Driving Your Child to School. NSC says to obey school zone speed limits and follow the school’s procedures. Make sure you make eye contact with the children crossing the street and never pass a bus loading or unloading kids.
Teen Drivers. “Car crashes are the number one cause of death for teens. Fortunately, there is something we can do. Teens crash because they are inexperienced; practice with new drivers every week, before and after they get their license.” It’s also a good idea to set a good example with your own driving habits.
Backpacks. Your child’s backpack should not weigh more than five to ten percent of their body weight. Tell them to use both straps to evenly distribute the weight on their shoulders.

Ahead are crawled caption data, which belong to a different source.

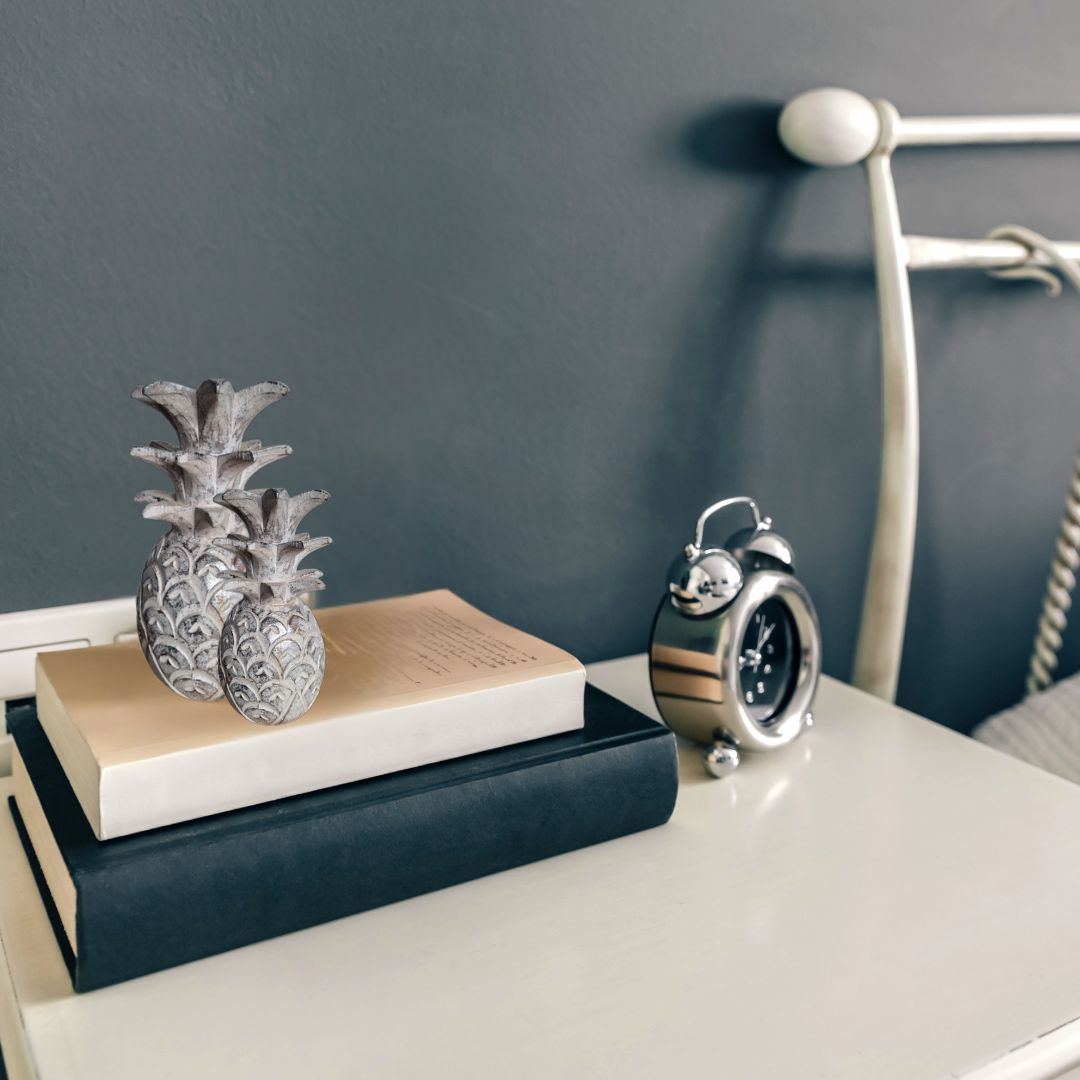 Decorative pineapple and clock on books with a plain background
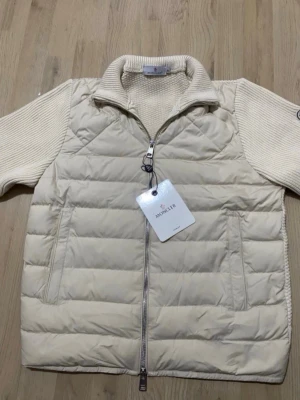 Krämvit dunväst från Moncler - Snygg krämvit dunväst från Moncler med stickade partier på ärmar och rygg. Västen har dragkedja framtill, hög krage och två fickor med dragkedja. Perfekt för lager-på-lager och ger en exklusiv känsla till din outfit.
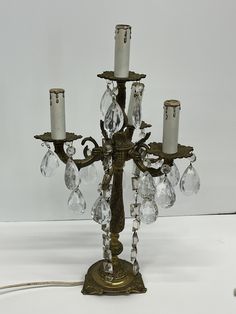 an antique brass candelabra with crystal beads and two candles on the base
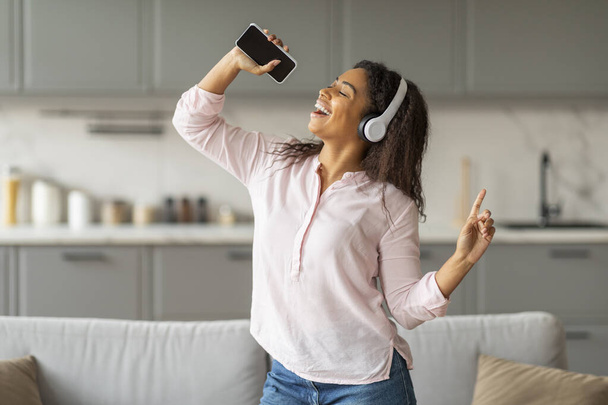 Eine temperamentvolle Afroamerikanerin tanzt frei in ihrer heimischen Küche und hält ihr Smartphone als Mikrofon - Foto, Bild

Playgrounds and Sports. “To reduce strangulation hazards on playgrounds, have your child leave necklaces and jackets with drawstrings at home,” NSC advises. Also, ensure your child owns and wears the protective gear for the sports they participate in.
Sleeping. Now is the time to start gradually easing into the school day schedule. Start with a five to ten minute earlier wake-up and bedtime and increase until school starts.
Healthychildren.org says, “Getting enough sleep is critical for a child to be successful in school. Insufficient sleep is associated with lower academic achievement, higher rates of absenteeism, and tardiness. The optimal amount of sleep for most younger children is ten to twelve hours, and for thirteen- to eighteen-year-olds, the range is eight to ten hours per night.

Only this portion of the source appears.